-- Aim of the task --
In the material below, find the line with "MAHLE Chladi nzk" and the line with "Villa ou maison", then output those two lines and every line between them, exactly.

-- Information provided --
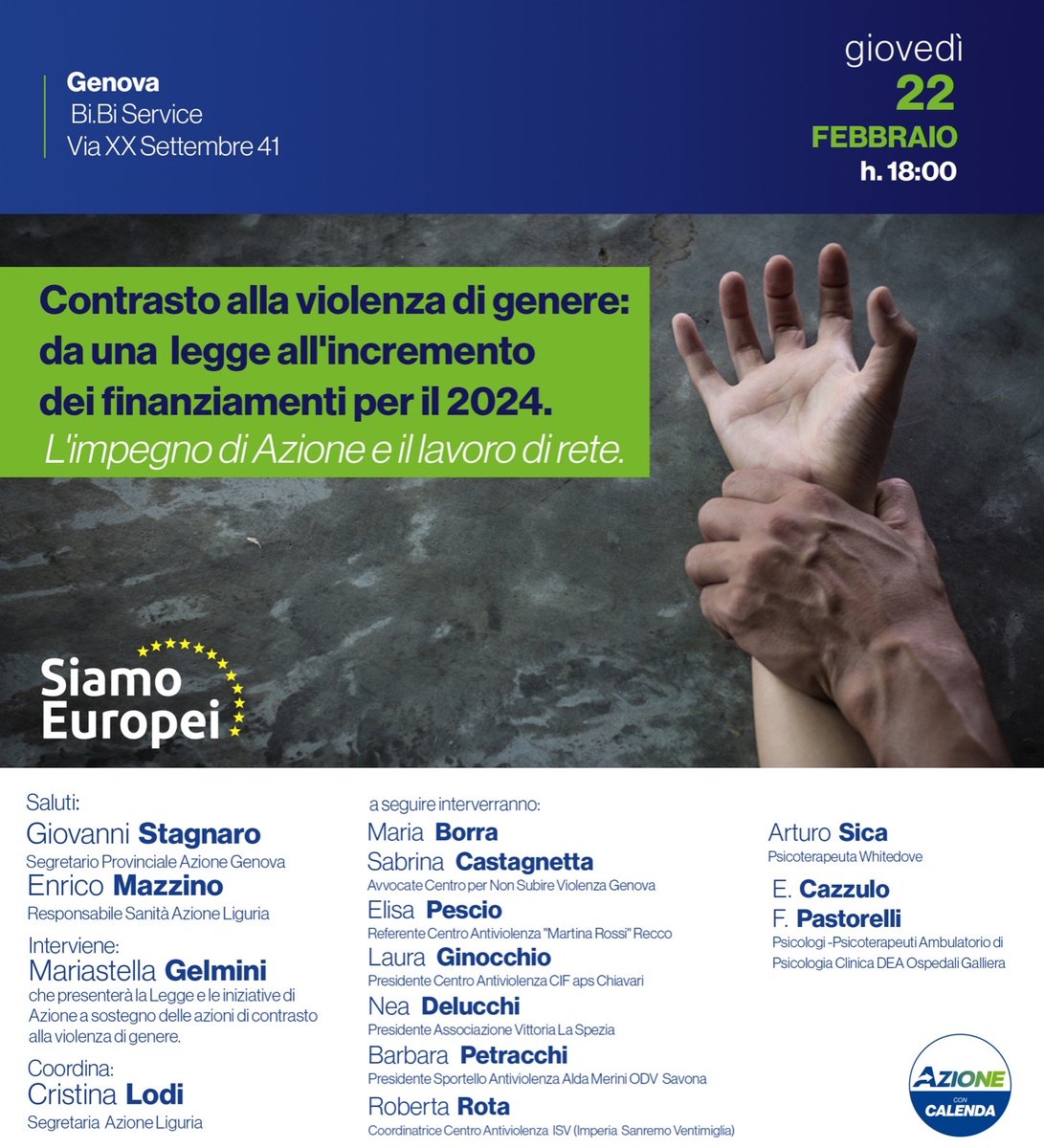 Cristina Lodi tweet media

==

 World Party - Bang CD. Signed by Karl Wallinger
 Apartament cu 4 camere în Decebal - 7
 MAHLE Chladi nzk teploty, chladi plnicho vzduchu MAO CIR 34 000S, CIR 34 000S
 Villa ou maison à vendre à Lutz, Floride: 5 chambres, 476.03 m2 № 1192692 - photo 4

-- Output below --
 MAHLE Chladi nzk teploty, chladi plnicho vzduchu MAO CIR 34 000S, CIR 34 000S
 Villa ou maison à vendre à Lutz, Floride: 5 chambres, 476.03 m2 № 1192692 - photo 4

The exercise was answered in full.